Since most of the people in the crowd out in Silver Spring, where Gordon will be appearing through Sunday, knew him only by reputation, it made for a very impressive introduction. The 54-year-old horn man, a key figure in the bebop movement of the '40s but an expatriate based in Denmark since 1962, played everthing from ballads to the blues, all with a fluidity and finesse so remarkable that it's a wonder he hasn't been nicknamed Dextrous Gordon.

His is the calssic bebop sound, graceful and inventive, yet full of clever jokes and sudden twists and turns. Gordon can sound as breathy as need be on an old ballad like "Polka Dots and Moonbeams," which he introduced by reciting the lyrics, so that the audience could get a sense of what the song is about, or harsh and fierce on a reworking of "Jumpin' the Blues."
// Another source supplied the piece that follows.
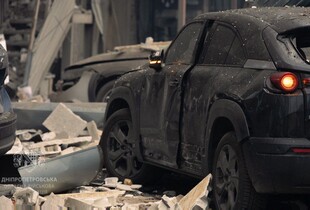 Ракетний удар по Дніпру: кількість постраждалих знову зросла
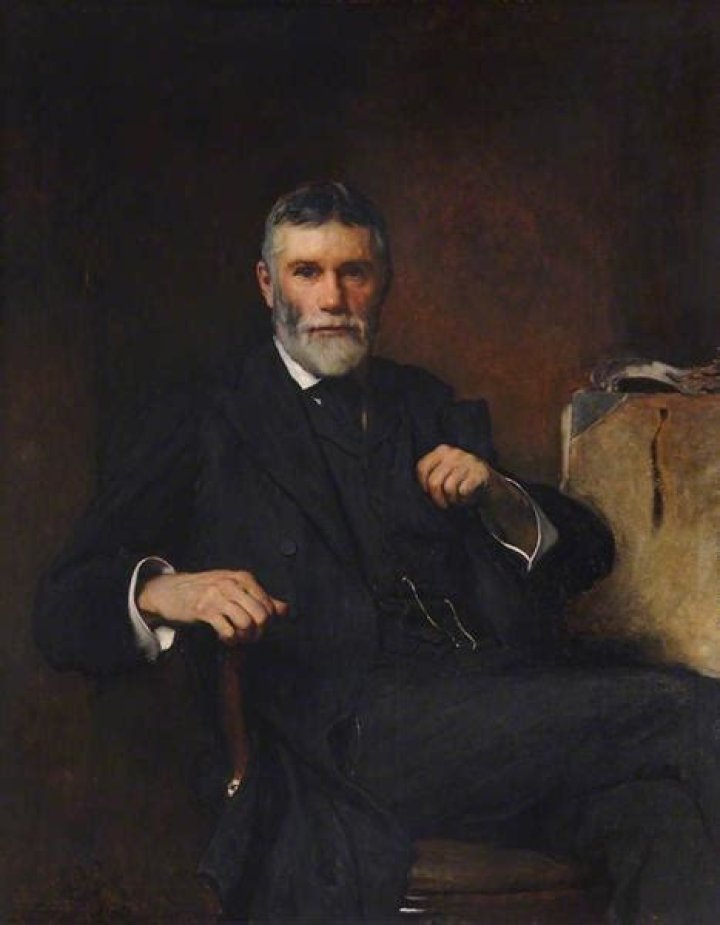 Sir George Trevelyan, 2nd Baronet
It is precisely that combination of technique and feeling that made Gordon an important influence on the young John Coltrane and Sonny Rollins. They were entranced, as others have been, by Gordon's gargantuan tenor sound and his enormous range, both of which were used to best effect Tuesday night on a brightly winging reading of Horace Silver's "Strollin.'"

Gordon's work has long been available on records, the latest of which, "Homecoming," marks, he says, "the first time I've ever been on the charts." But what those records don't communicate is the combination of courtliness and humor that is so winning and essential a part of Gordon's stage presence.